Given any sequence $a_n$ and its generating function $A(x)$, how do I determine the generating function of $a_n^2$?

Or more generally, can the generating function for $a_n^k$ be determined for any $k\in{\mathbb{R}}$?

Thanks for the assistance.

Answer 1

It doesn't seem there is a given way to do this.

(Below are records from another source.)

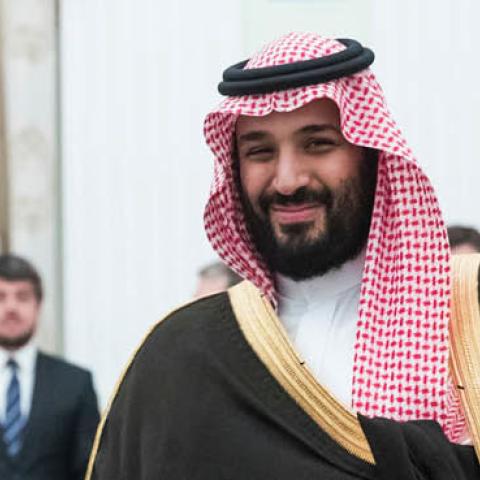 Russian President Vladimir Putin shakes hands with Saudi Deputy Crown Prince and Defense Minister Mohammed bin Salman during a meeting at the Kremlin in Moscow on May 30, 2017. (Pavel Golovkin/AFP via Getty Images)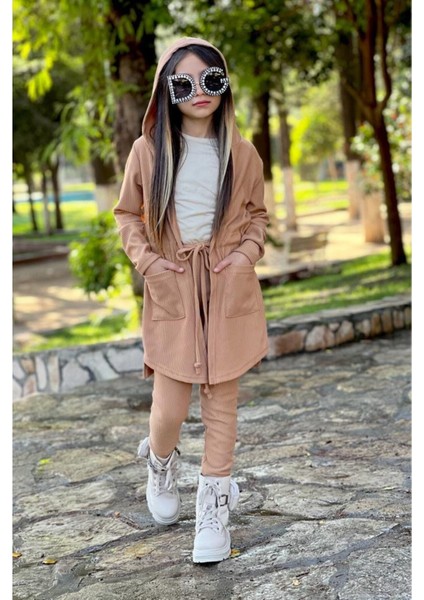 Kız Çocuk Kapüşonlu Hırka / Tayt / Kısa Kol Badi Fitilli 3'lü Takım indirimleri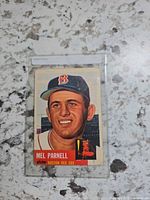 Front of 1953 Topps Mel Parnell card in sleeve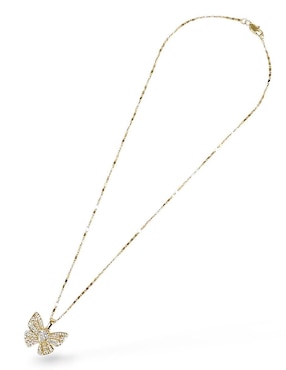 Aretes y collar de mariposa Og 18 K perla de cristal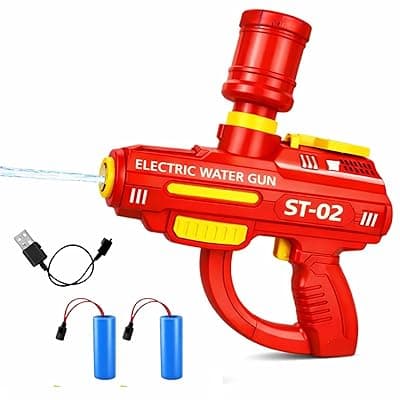 GRAPHENE Holi Pichkari Automatic Electric Water Gun for Kids High Pressure Rechargeable Battery Long Range Blaster Squirt Premium Water Pistol Spray Holi Toy Gun Summer Fun Pool Outdoor 4+ Boys Girls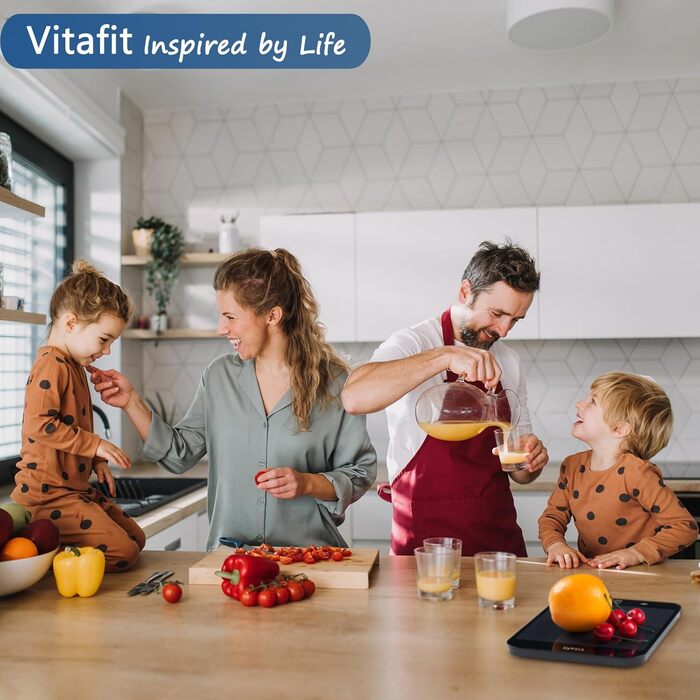 Кухонні ваги Vitafit 15 кг з LED-дисплеєм, цифрова вага для їжі та документів, скло, точність 1 г, чорний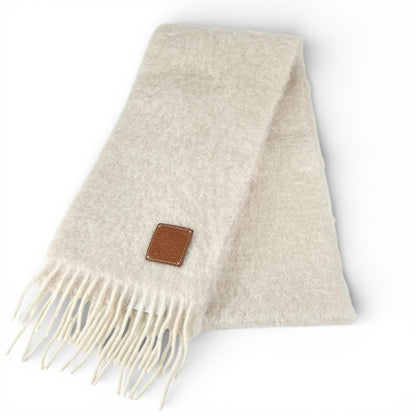 Loewe Mohair Wool Anag Lambskin Patch with Fringe Scarf White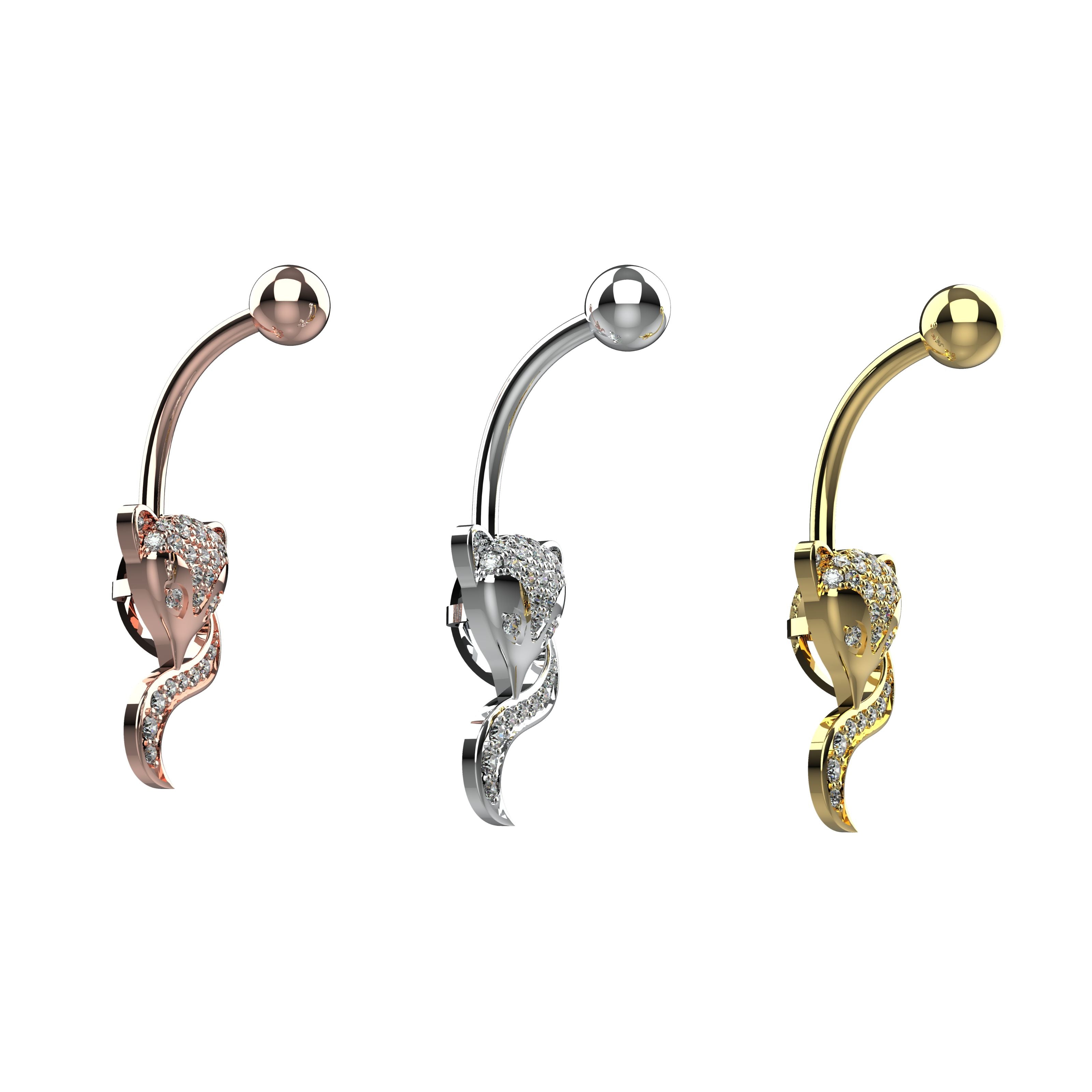 Three belly buttons in rose gold, silver, and gold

For example, if there were always some polynomial $P$ such that $P(A(x))$ is the desired generating function, then let $a_n = (-1)^{n+1}/n$ defined on $n \geq 1$. Then

$$A(x) = x - \frac{x^2}{2} + \frac{x^3}{3} - \ldots = \ln(1+x)$$

But squaring the coefficients gives us

$$P(A(x)) = x + \frac{x^2}{4} + \frac{x^3}{9} + \ldots = P(\ln(1+x))$$

When $x=1$, we get $$P(\ln(2)) = \frac{\pi^2}{6}$$

Very strange... It is very unlikely they are not algebraically independent.

Answer 2

Let $$ \eqalign{A(x) &= \sum_{n=0}^\infty a_n x^n \cr B(x) &= \sum_{n=0}^\infty a_n^2 x^n}$$ If the series for $A(x)$ has radius of convergence $R$, $B(x)$ has radius of convergence $R^2$.

In general there is no simple formula for $B$ in terms of $A$. However, if $A(x)$ is a rational function, then so is $B$, and each pole of $B(x)$ is the product of two (not necessarily distinct) poles of $A(x)$.

Answer 3

One trick is to employ following identity of contour integral over the unit circle.

$$\frac{1}{2\pi i}\oint_{|z|=1} z^{m-n} \frac{dz}{z} = \begin{cases} 1, & m = n \\ 0, & m \ne n\end{cases}\quad\text{ for }m,n \in \mathbb{Z}$$

Let's say $A(t)$ and $B(t)$ are OGF (ordinary generating functions) for sequences $(a_0,a_1,\ldots)$ and $(b_0,b_1,\ldots)$. The OGF for the sequence $(a_0b_0, a_1b_1,\ldots)$ will be given by the formula:

$$\begin{cases} A(t) = \sum_{k=0}^\infty a_k t^k,\\ B(t) = \sum_{k=0}^\infty b_k t^k \end{cases} \quad\longrightarrow\quad \sum_{k=0}^\infty a_kb_k t^k = \frac{1}{2\pi i}\oint_{|z|=1} A(\sqrt{t}z)B(\sqrt{t}z^{-1}) \frac{dz}{z}$$

As an example, consider the sequence $(a_0,a_1,\ldots ) = (b_0,b_1,\dots) = (1,2,\ldots)$, we have

$$A(t) = B(t) = \sum_{k=0}^\infty (k+1)t^k = \frac{1}{(1-t)^2}$$

The corresponding contour integral give us

$$\begin{align} & \frac{1}{2\pi i}\oint_{|z|=1} \frac{dz}{z(1-\sqrt{t}z)^2(1-\sqrt{t}z^{-1})^2} = \frac{1}{2\pi i}\oint_{|z|=1} \frac{zdz}{(1-\sqrt{t}z)^2(z-\sqrt{t})^2} \\ = & \left.\frac{d}{dz}\frac{z}{(1-\sqrt{t}z)^2}\right|_{z=\sqrt{t}} = \left.\frac{1+\sqrt{t}z}{(1-\sqrt{t}z)^3}\right|_{z=\sqrt{t}} = \frac{1+t}{(1-t)^3} = \frac{2}{(1-t)^3} - \frac{1}{(1-t)^2}\\ = & \sum_{k=0}^\infty ((k+2)(k+1) - (k+1)) t^k = \sum_{k=0}^\infty (k+1)^2 t^k = \sum_{k=0}^\infty a_k^2 t^k \end{align} $$ Reproducing the OGF for the product sequence.

For more details, look at wiki entry for Generating function transformation. In particular, the part about Hadamard products and refs there.